■ **PROBLEM TO WORK ON**
Take the data below and extract the lines from the one with "S3 Swim Women's" to the one with "Цвет: dp purple", inclusive, exactly as written.

■ **Caption-style text data**
- - -

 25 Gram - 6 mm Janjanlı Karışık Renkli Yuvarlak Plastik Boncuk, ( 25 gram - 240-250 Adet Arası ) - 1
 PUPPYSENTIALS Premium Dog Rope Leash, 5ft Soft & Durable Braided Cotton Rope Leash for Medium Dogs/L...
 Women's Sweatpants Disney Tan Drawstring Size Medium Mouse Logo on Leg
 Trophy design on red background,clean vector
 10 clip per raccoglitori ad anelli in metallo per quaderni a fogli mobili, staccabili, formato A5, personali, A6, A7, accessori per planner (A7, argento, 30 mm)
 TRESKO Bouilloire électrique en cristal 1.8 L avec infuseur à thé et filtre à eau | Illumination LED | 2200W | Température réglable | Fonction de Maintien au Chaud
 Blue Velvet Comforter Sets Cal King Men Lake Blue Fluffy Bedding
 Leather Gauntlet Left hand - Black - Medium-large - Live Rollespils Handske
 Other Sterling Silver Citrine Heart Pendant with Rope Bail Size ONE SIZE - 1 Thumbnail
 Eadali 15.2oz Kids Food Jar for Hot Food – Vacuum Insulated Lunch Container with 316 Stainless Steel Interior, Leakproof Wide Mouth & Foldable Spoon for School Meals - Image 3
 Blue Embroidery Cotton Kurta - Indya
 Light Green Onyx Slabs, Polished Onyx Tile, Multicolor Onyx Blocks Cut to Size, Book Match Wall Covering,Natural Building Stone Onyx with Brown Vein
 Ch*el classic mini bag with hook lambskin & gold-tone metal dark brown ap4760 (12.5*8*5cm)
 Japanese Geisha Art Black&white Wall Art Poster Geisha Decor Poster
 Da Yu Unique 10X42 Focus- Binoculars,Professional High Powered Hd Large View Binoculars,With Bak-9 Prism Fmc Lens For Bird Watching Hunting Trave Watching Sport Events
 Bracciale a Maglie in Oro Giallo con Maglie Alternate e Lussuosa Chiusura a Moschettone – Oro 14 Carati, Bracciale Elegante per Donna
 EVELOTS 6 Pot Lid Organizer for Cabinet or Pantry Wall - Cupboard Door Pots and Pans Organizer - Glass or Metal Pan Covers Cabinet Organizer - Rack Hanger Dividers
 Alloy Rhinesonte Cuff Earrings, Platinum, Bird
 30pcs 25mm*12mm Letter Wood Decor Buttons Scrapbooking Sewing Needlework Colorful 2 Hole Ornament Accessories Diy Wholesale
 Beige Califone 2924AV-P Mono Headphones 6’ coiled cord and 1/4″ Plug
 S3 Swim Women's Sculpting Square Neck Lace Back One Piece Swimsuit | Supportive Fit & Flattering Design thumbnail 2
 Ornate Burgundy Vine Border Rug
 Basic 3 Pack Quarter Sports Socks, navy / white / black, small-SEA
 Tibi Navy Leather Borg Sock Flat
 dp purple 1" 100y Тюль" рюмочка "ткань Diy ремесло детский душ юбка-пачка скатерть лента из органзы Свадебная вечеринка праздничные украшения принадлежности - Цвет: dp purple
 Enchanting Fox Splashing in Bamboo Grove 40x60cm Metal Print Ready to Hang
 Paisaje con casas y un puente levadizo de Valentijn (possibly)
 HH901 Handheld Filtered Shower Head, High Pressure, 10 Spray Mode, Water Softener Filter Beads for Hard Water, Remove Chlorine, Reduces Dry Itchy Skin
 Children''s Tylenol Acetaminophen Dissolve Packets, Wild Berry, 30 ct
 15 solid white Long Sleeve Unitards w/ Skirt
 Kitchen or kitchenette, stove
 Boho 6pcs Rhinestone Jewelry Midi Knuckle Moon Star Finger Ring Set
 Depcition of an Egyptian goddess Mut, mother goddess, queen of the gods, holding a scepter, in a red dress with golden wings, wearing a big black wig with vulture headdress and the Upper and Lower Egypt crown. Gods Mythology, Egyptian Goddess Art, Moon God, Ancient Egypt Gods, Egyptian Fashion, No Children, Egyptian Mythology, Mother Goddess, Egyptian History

- - -

■ **RESPONSE BOX**
 S3 Swim Women's Sculpting Square Neck Lace Back One Piece Swimsuit | Supportive Fit & Flattering Design thumbnail 2
 Ornate Burgundy Vine Border Rug
 Basic 3 Pack Quarter Sports Socks, navy / white / black, small-SEA
 Tibi Navy Leather Borg Sock Flat
 dp purple 1" 100y Тюль" рюмочка "ткань Diy ремесло детский душ юбка-пачка скатерть лента из органзы Свадебная вечеринка праздничные украшения принадлежности - Цвет: dp purple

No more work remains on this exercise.